“The phantom of the quantum computer is keeping academia and the IT industry on high alert,” says Infineon’s Thomas Pöppelmann (pictured).
Quantum computer attacks on today’s cryptography are expected to become reality within the next 15 to 20 years, says Infineon.
Once available, quantum computers could solve certain calculations much faster than today’s computers, threatening even best currently known security algorithms such as RSA and ECC.
Various internet standards like Transport Layer Security (TLS), S/MIME or PGP/ GPG use cryptography based on RSA or ECC to protect data communication with smart cards, computers, servers or industrial control systems.

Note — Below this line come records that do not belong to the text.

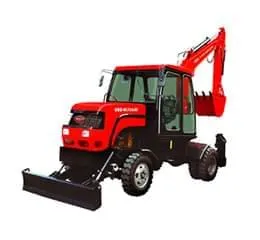 Miniescavadeira WLY3.5JQT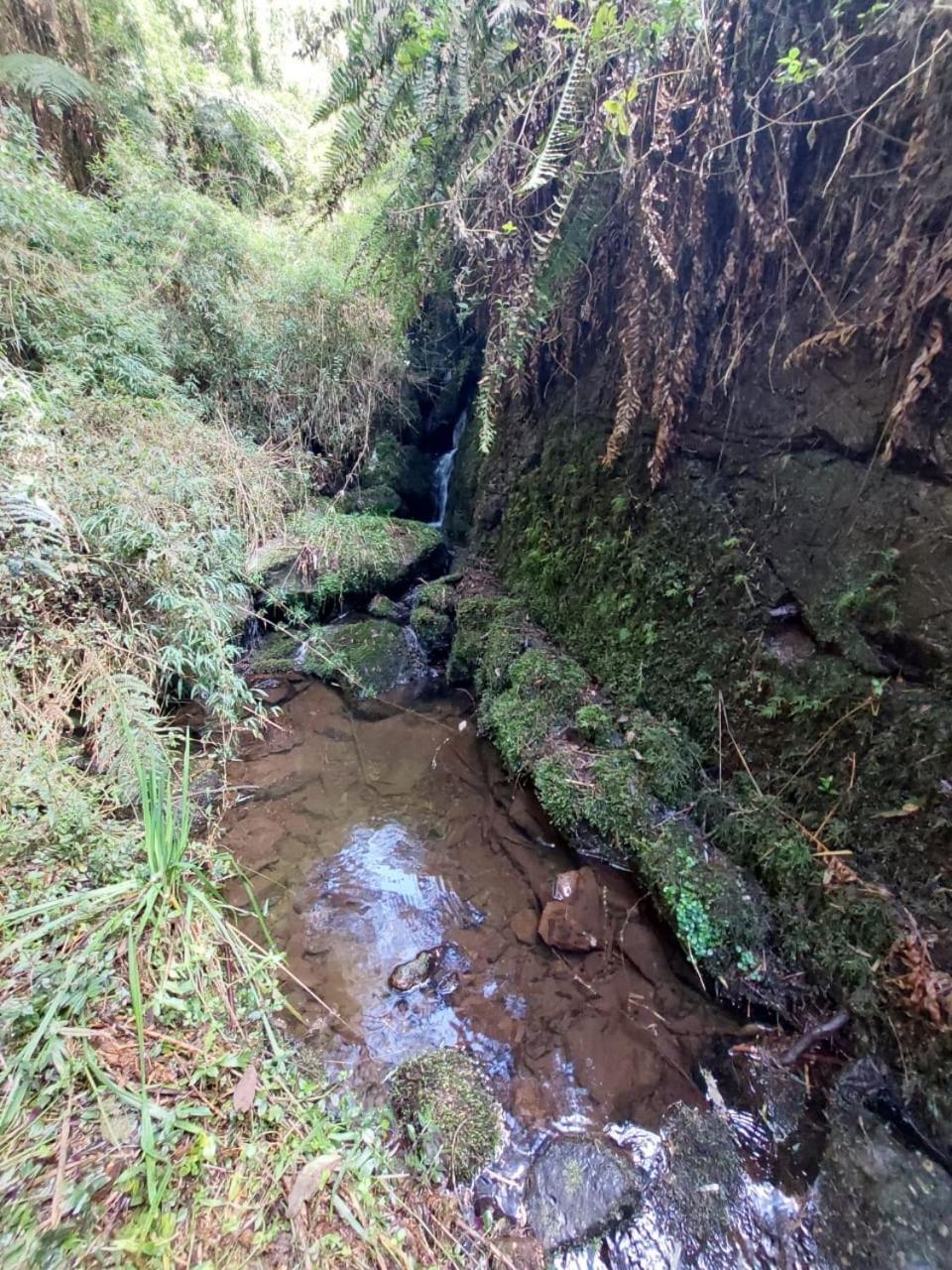 Vale Das Aguas Cambará 外观 照片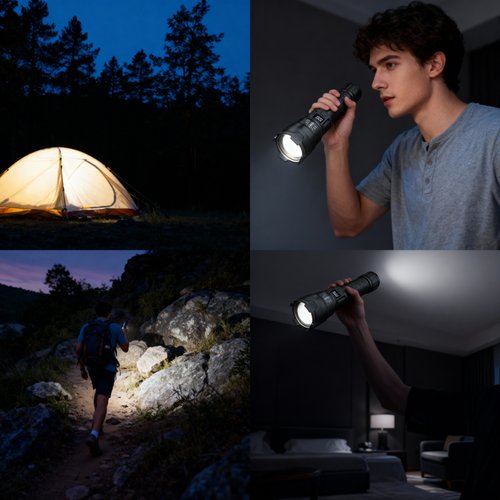Travel torch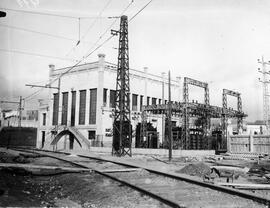 Subestación de Les Franqueses del Vallès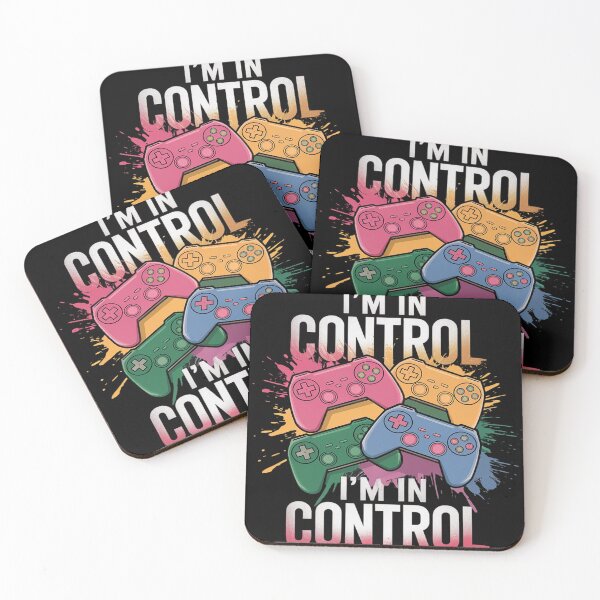 Item preview, Control All The Things Video Game Controller  designed and sold by KotexTemu.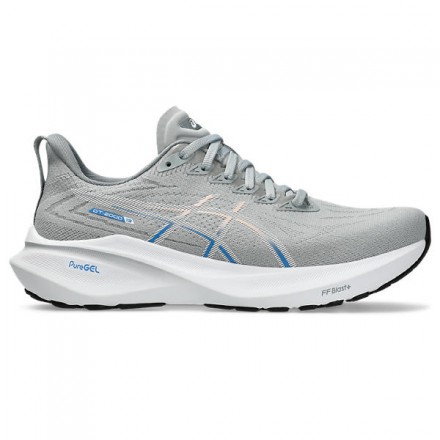 ASICS GT-2000 13 PIEDMONT GREY/WHITE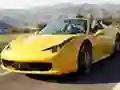 Гульня Сліз Ferrari 458 Spider онлайн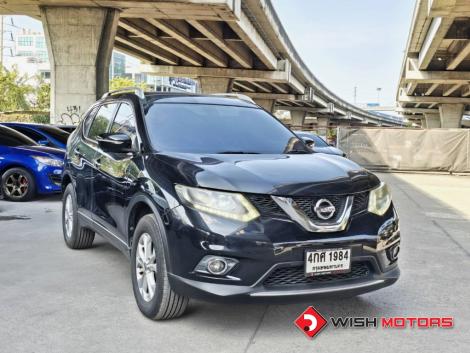 NISSAN X-TRAIL 2.0 V AT4WD. ปี 2015 #1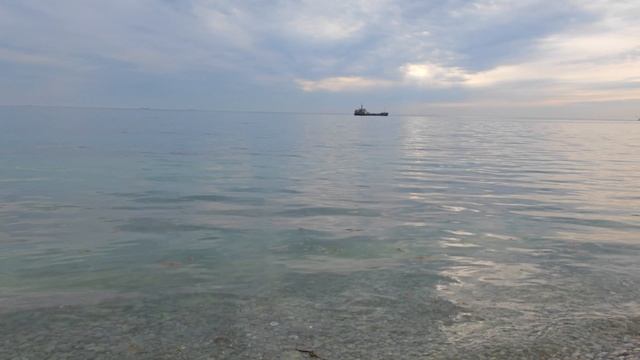 Пляж сосновка в Геленджике 3ч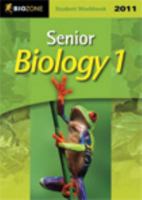 Senior Biology 1: Student Workbook 1877462594 Book Cover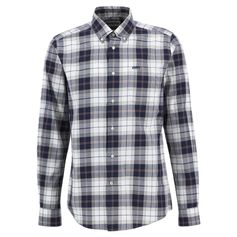 CHEMISE WETHERAM RIVERSTONE TARTAN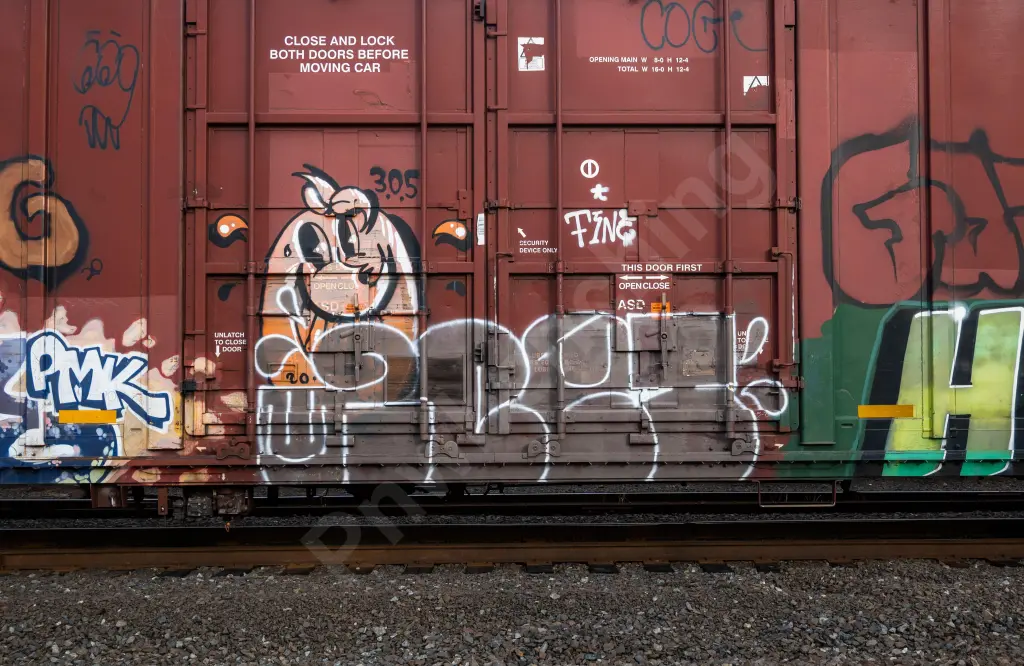 BNSF761246 - NORTH-AMERICA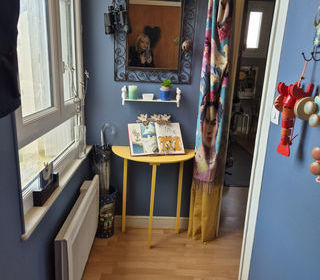  Appartement � vendre 2 pi�ces 51 m�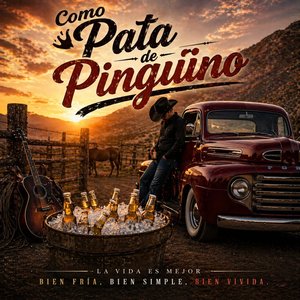 Como Pata de Pingüino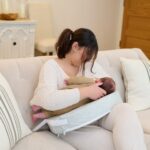 ⁦כרית הנקה בייסיק - צבע לבחירה⁩ – תמונה ⁦2⁩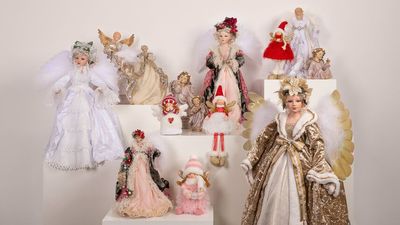 Les chorales, Les Anges , Nativité et Crèche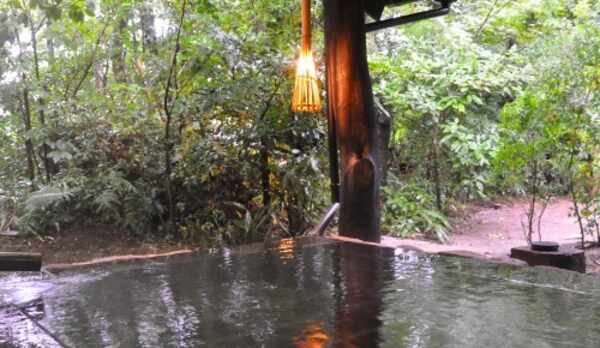 【露天風呂付き客室・風呂②】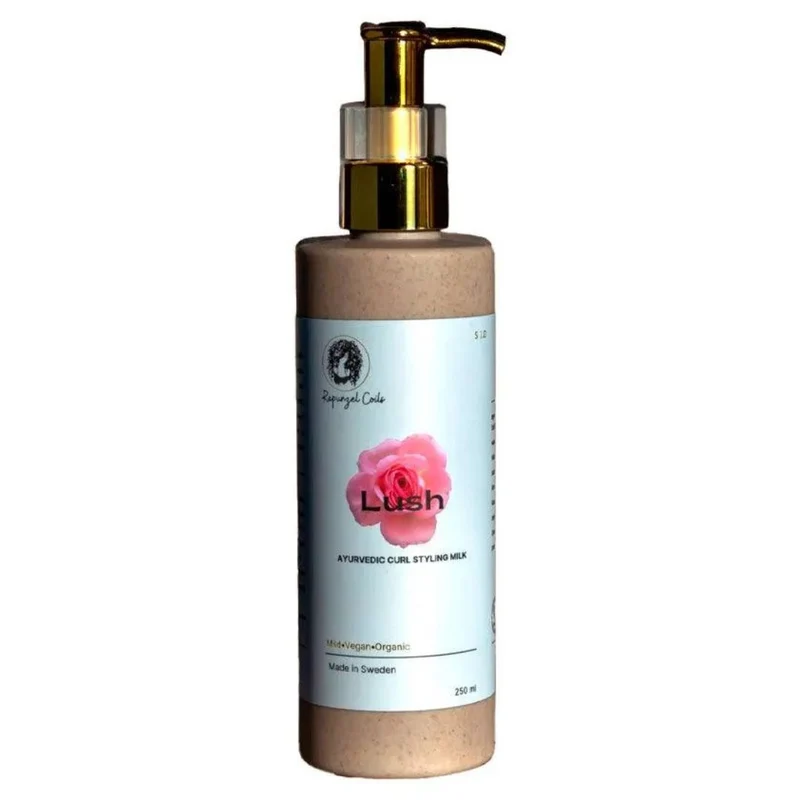 Rapunzel Coil Ayurvedic Curl Styling Milk 250ml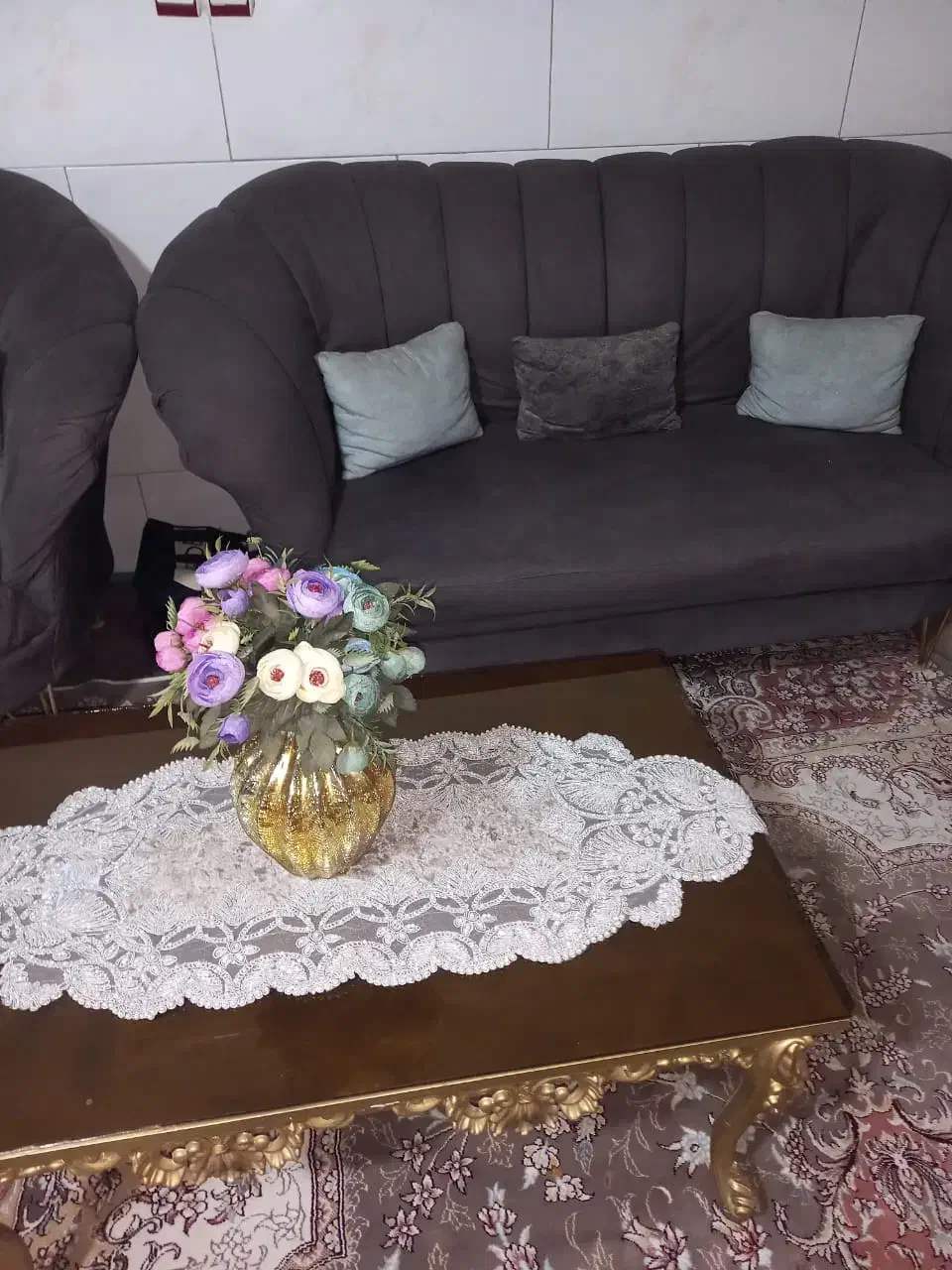 فروش فوری ، مبل درحدنو،جلومیزی،عسلی|مبلمان خانگی و میز عسلی|پاکدشت, پاکدشت (مامازند)|دیوار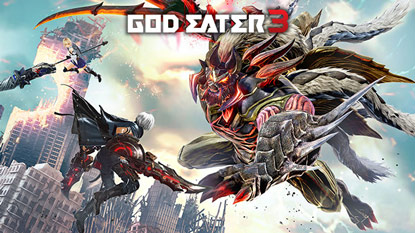 GOD EATER 3 system requirements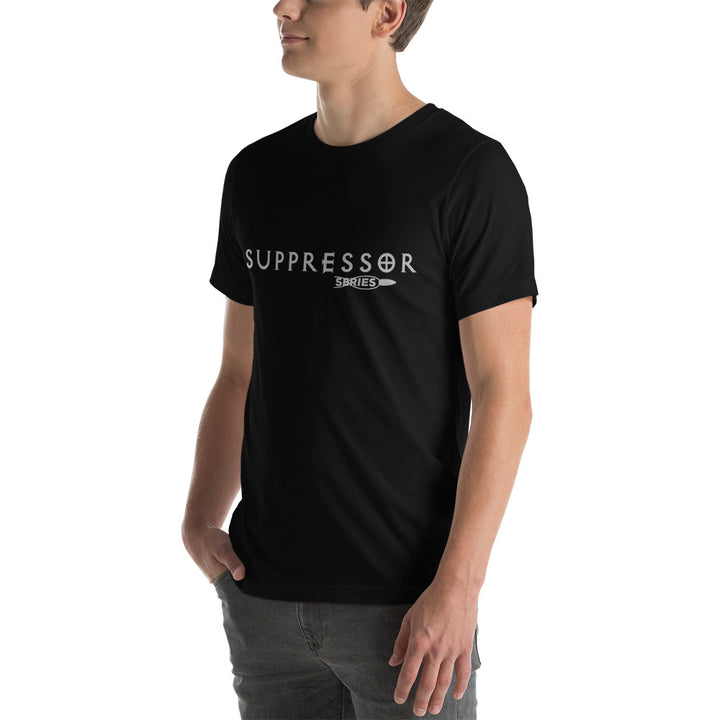 Suppressor Rod Series T-Shirt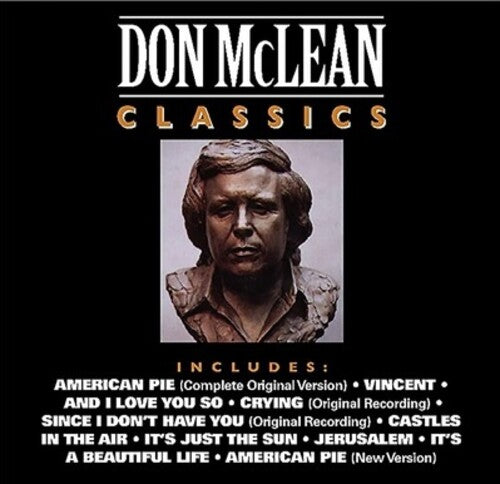 Don McLean: Classics - VINYL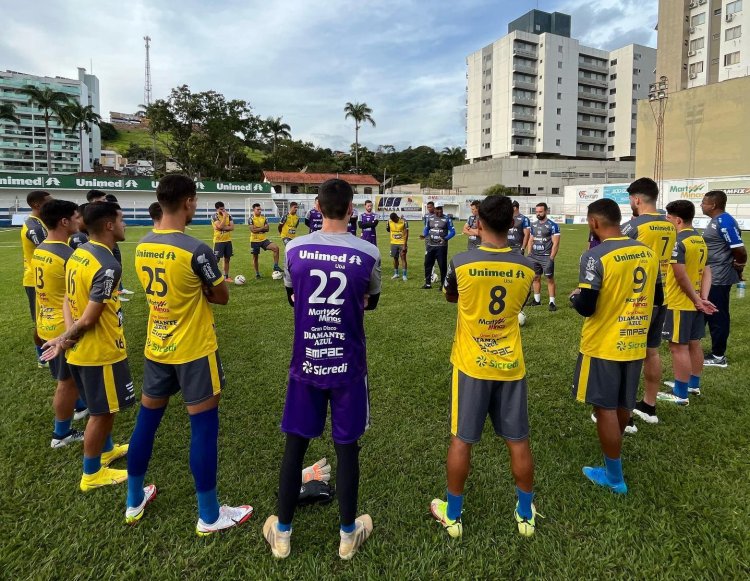 Jogo Aymorés e North Esporte Clube é transmitido pela Rede Minas e Rádio Inconfidência, neste sábado (27)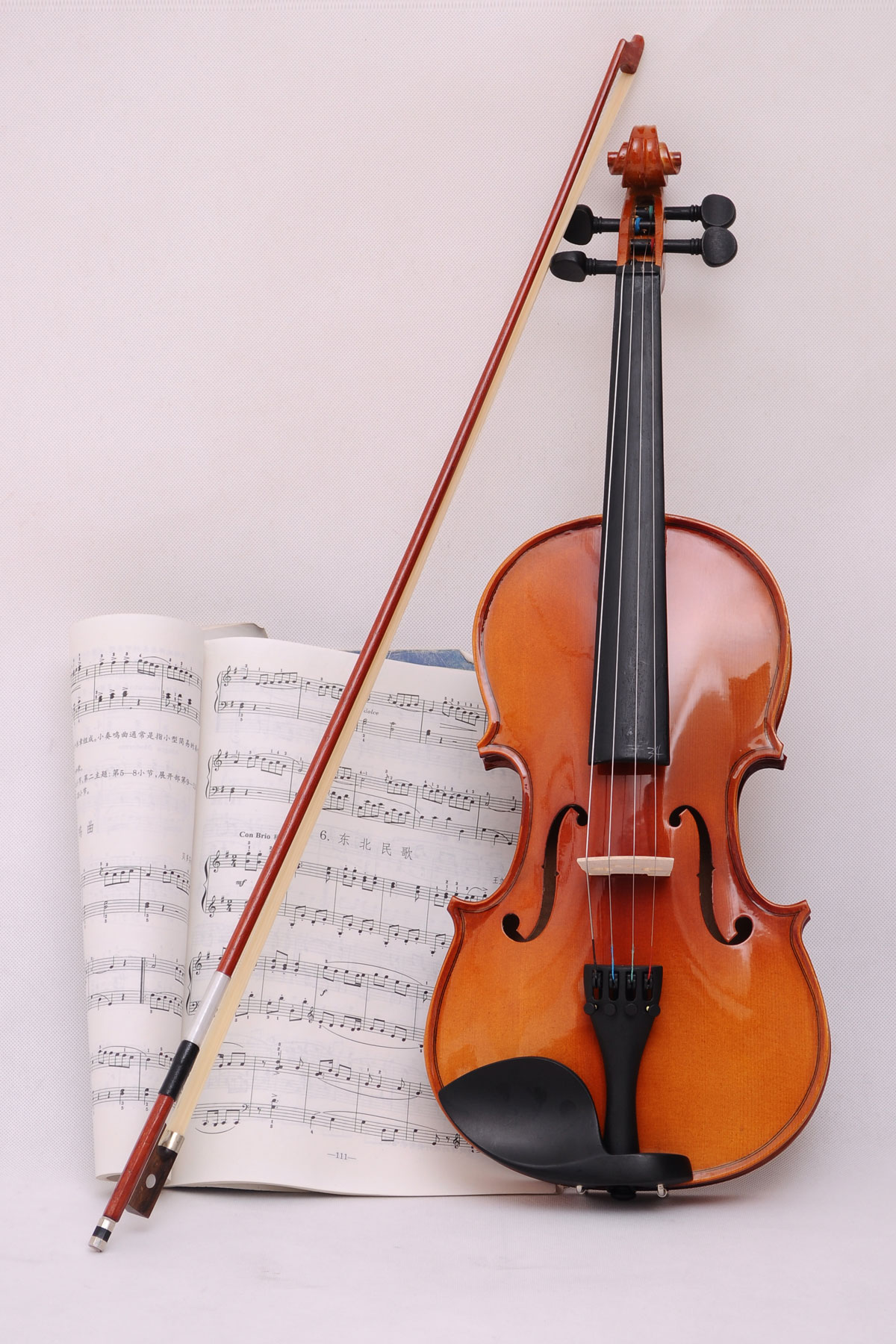 Sweet Children Adult Beginner Semi-handmade Solid Wood Popularization Viola Beginner Practice Exam Grade Accessories are complete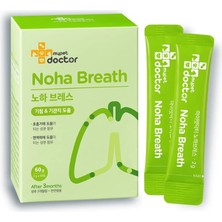 Mypet Doctor Noha Breath –powder 30 Şase*2 gr (60GR)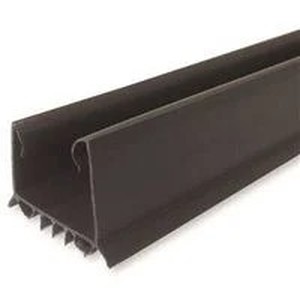 lot 5726 image: M-D Building Vinyl Door Seal for Door Bottom 3 ft x 1-34 in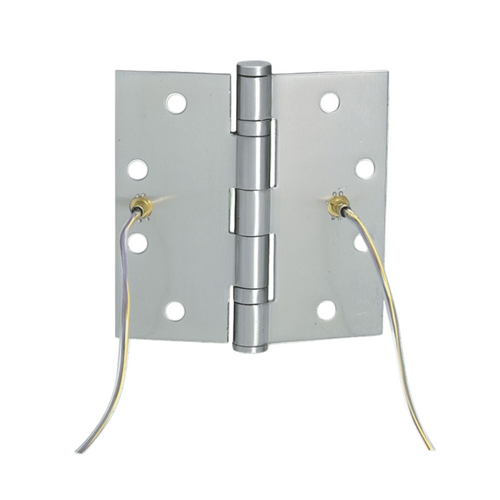 Ives 5BB1 5-Knuckle Ball Bearing Hinge, Standard Weight - 4.5" x 4.5" with Electrification Options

Online banking on “https” sites or “instant messaging” encryption on mobile phones are well-known examples.
Infineon implemented a post-quantum key exchange scheme on a commercially available contactless smart card chip. Key exchange schemes are used to establish an encrypted channel between two parties. The deployed algorithm is a variant of “New Hope”, a quantum-resistant cryptosystem also explored successfully by Google on a development version of the Chrome browser.
In a world of quantum computers, PQC (post-quantum cryptography) should provide a level of security that is comparable with what RSA and ECC provide today in the classical computing world, says Infineon.
However, to withstand quantum calculation power, key lengths need to be longer than the usual 2048 bits of RSA or the 256 bits of ECC. Nevertheless, the researchers at Infineon were able to implement New Hope on a commercially available security chip without requiring additional memory space and hence a larger chip size.
Standardization bodies are expected to agree on one or multiple PQC algorithms within the next few years before governments and industries mandate the migration. Infineon is actively participating in the development and standardization process in order to enable a smooth transition and to address security challenges that may arise in the advent of quantum computers.